2. A method according to claim 1 , wherein the first velocity signal is processed together with the second velocity signal by:

· determining the frequency spectrum for the first velocity signal and the frequency spectrum for the second velocity signal;

• selecting a plurality of frequency sets, each frequency set comprising a frequency from both the frequency spectrum of the first velocity signal and the frequency spectrum of the second velocity signal;

· processing said plurality of frequency sets to estimate the distribution of the first movement characteristic

wherein it is predetermined which frequency sets are to be selected before the at least one ultrasound signal is transmitted, the plurality of frequency sets are processed together by mapping using a mapping function each frequency set into one or more target array element(s) of a first array, wherein a frequency set value is added to the stored value(s) of said one or more target array element(s), said frequency set value being dependent on the amplitude of the frequencies in the frequency set.
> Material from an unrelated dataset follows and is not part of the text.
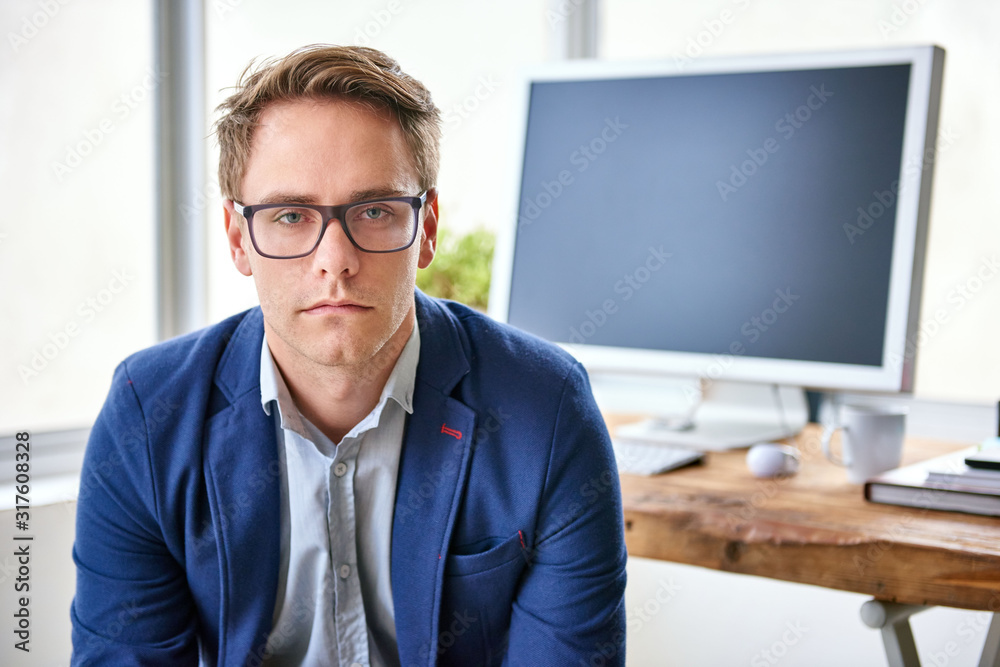 Fashionable businessman looking seriously at the camera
3. A method according to any one of claims 1 or 2, wherein

• the step of transmitting at least one ultrasound signal comprises: transmitting a plurality of

ultrasound signals at different points in time using an array transducer;

• the step of receiving at least one ultrasound echo signal comprises: receiving a plurality of

ultrasound echo signals at different points in time using the array transducer;

• the first velocity signal is generated by beamforming a first group of the plurality of received ultrasound echo signals at the first spatial point;

• the second velocity signal is generated by beamforming a second group of the plurality of

received ultrasound echo signals at the second spatial point.

4. A method according to any one of claims 1 to 3, wherein the method further comprises the step of generating a third velocity signals, the frequencies of the third velocity signal being dependent on the distribution of velocity components along a third axis for the part of the fluid positioned within a third measurement region centred at a third spatial point.

5. A method according to any one of claims 1 to 4, wherein said first velocity signal is processed together with said second velocity signal by:

• determining the frequency spectrum for the first velocity signal and the frequency spectrum for the second velocity signal;

· selecting a plurality of frequency sets, each frequency set comprising a frequency from both the frequency spectrum of the first velocity signal and the frequency spectrum of the second velocity signal;

• processing said plurality of frequency sets to estimate the distribution of the first movement characteristic.

6. A method according to claim 4, wherein said first velocity signal is processed together with said second velocity signal and said third velocity signal by:

• determining the frequency spectrum for the first velocity signal, the frequency spectrum for the second velocity signal and the frequency spectrum for the third velocity signal;

· selecting a plurality of frequency sets, each frequency set comprising a frequency from both the frequency spectrum of the first velocity signal, the frequency spectrum of the second velocity signal and the frequency spectrum of the third velocity signal; and

• processing said plurality of frequency sets to estimate the distribution of the first movement characteristic.

7. A method according to any one of claims 5 to 6, the plurality of frequency sets are processed together by mapping using a mapping function each frequency set into one or more target array element(s) of a first array, wherein a frequency set value is added to the stored value(s) of said one or more target array element(s), said frequency set value being dependent on the amplitude of the frequencies in the frequency set.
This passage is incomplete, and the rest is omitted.